Work to be completed: Every entry should come back exactly as written, minus the pictures.

[Dataset excerpts Boundary: Start]

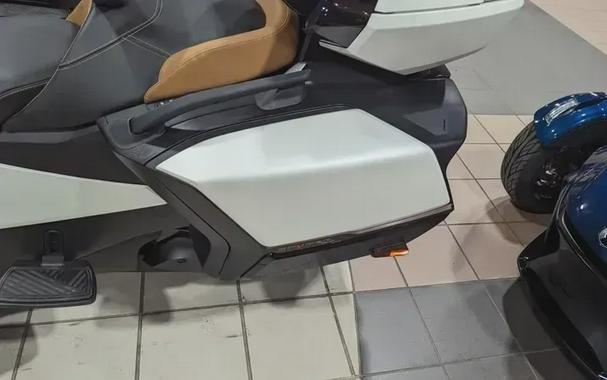 New 2024 CAN-AM SPYDER RT SEATOSKY VEGAS WHITE SATIN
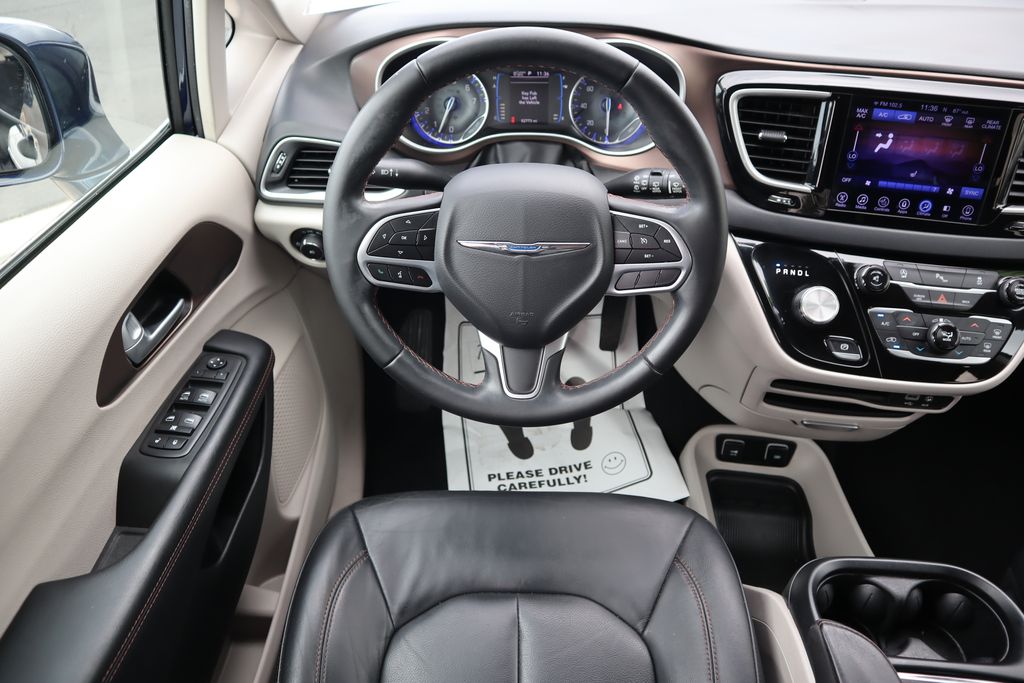 Thumbnail: 2017 Chrysler Pacifica - 10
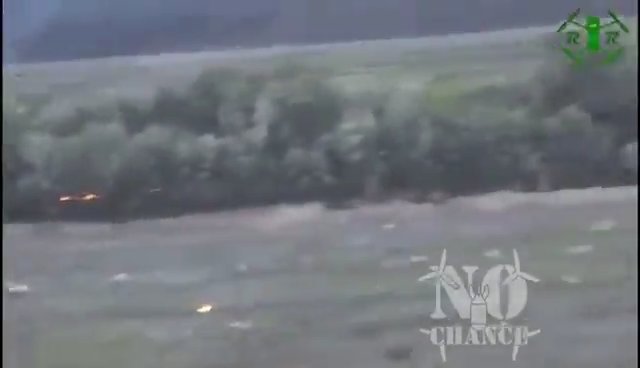 Ucraina, truppe russe carbonizzate col drone lanciafiamme: video shock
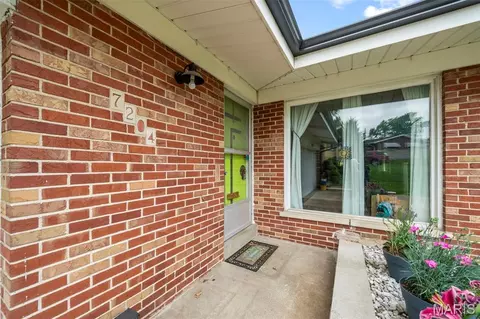 Exterior - 7204 Rockspring Dr, Affton, MO 63123 photo 2 of 10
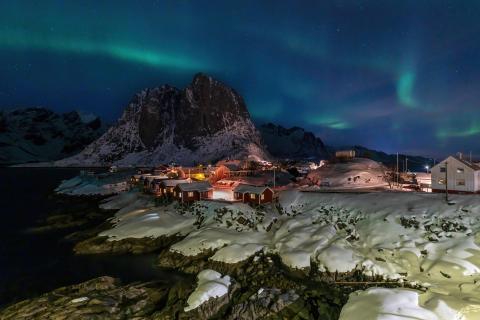 Aurora über Hamnoy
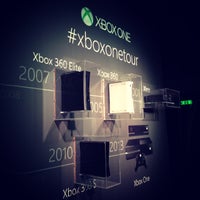 Photo taken at Xbox One Tour by Gui N. on 11/4/2013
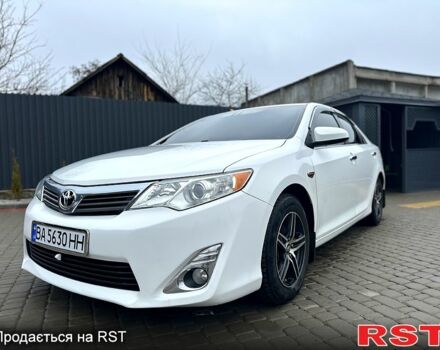 Тойота Камри, объемом двигателя 25 л и пробегом 230 тыс. км за 13500 $, фото 8 на Automoto.ua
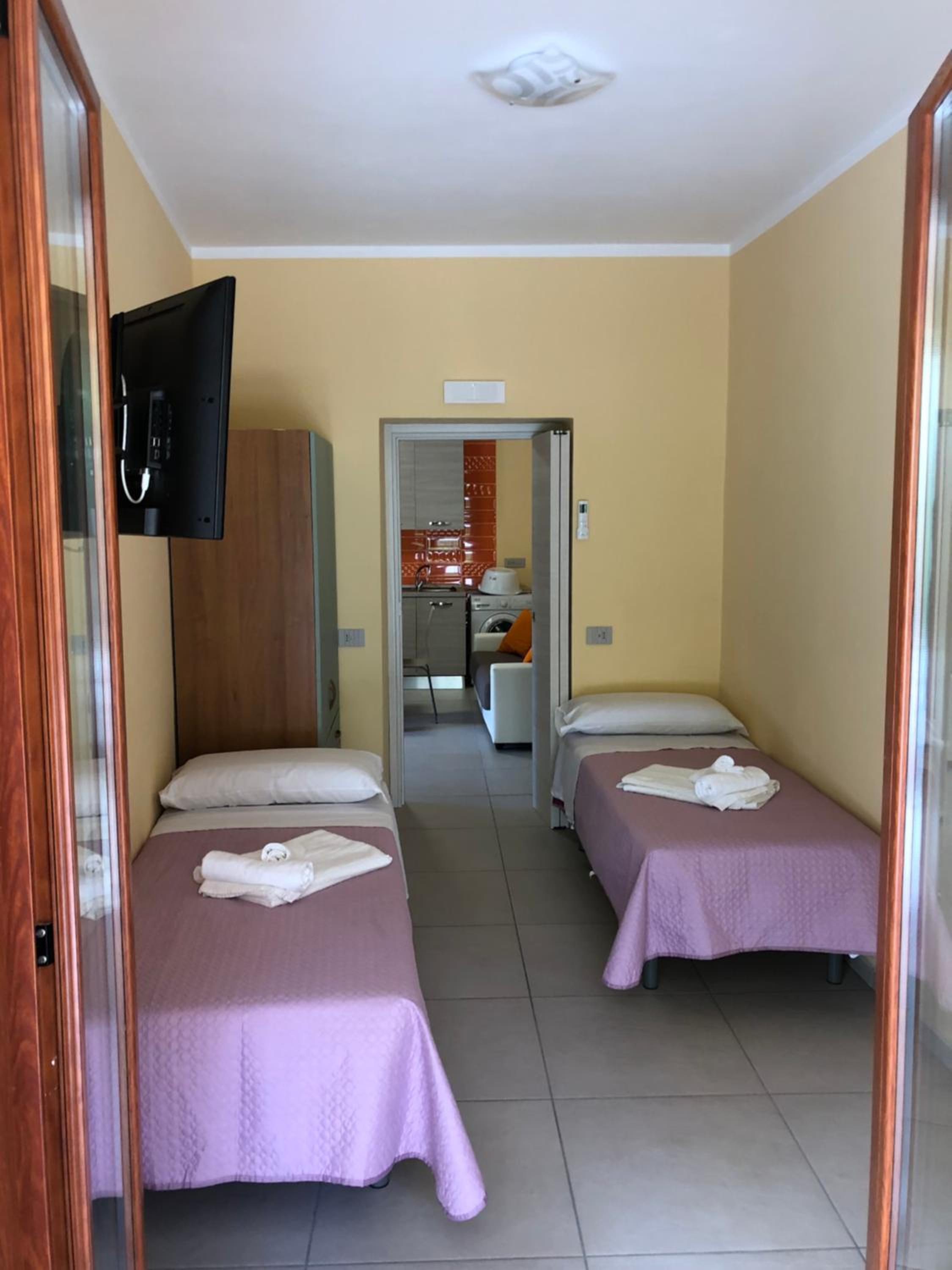 Two-Bedroom House - Photo 10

[Dataset excerpts Boundary: End]

Reply:
 New 2024 CAN-AM SPYDER RT SEATOSKY VEGAS WHITE SATIN
 Thumbnail: 2017 Chrysler Pacifica - 10
 Ucraina, truppe russe carbonizzate col drone lanciafiamme: video shock
 Exterior - 7204 Rockspring Dr, Affton, MO 63123 photo 2 of 10
 Aurora über Hamnoy
 Photo taken at Xbox One Tour by Gui N. on 11/4/2013
 Тойота Камри, объемом двигателя 25 л и пробегом 230 тыс. км за 13500 $, фото 8 на Automoto.ua
 Two-Bedroom House - Photo 10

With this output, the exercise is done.